** WHAT YOU WILL DO **
Read the data below line by line and copy each one with "oscurata" in it.

[Saved data entries]

===

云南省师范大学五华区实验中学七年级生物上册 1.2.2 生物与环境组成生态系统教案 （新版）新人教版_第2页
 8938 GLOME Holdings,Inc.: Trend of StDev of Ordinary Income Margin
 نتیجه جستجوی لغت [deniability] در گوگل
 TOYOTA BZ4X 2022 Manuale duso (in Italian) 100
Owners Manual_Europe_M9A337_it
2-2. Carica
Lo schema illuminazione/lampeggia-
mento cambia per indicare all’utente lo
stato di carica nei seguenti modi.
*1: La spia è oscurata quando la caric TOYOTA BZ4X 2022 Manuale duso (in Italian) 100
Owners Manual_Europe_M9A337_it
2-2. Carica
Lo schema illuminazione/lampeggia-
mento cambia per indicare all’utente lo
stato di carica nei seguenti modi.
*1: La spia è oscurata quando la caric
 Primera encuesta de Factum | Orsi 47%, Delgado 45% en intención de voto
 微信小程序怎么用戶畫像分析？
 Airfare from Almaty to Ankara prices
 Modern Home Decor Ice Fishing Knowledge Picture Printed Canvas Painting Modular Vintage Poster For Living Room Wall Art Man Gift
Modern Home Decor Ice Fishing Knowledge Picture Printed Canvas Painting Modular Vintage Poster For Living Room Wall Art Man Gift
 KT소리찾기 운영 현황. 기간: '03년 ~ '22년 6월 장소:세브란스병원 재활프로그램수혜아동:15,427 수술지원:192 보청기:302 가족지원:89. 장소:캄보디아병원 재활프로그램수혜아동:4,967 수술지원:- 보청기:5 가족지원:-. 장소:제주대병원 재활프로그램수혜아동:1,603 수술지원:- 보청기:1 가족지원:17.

===

** ANSWER BELOW **
*1: La spia è oscurata quando la caric TOYOTA BZ4X 2022 Manuale duso (in Italian) 100
*1: La spia è oscurata quando la caric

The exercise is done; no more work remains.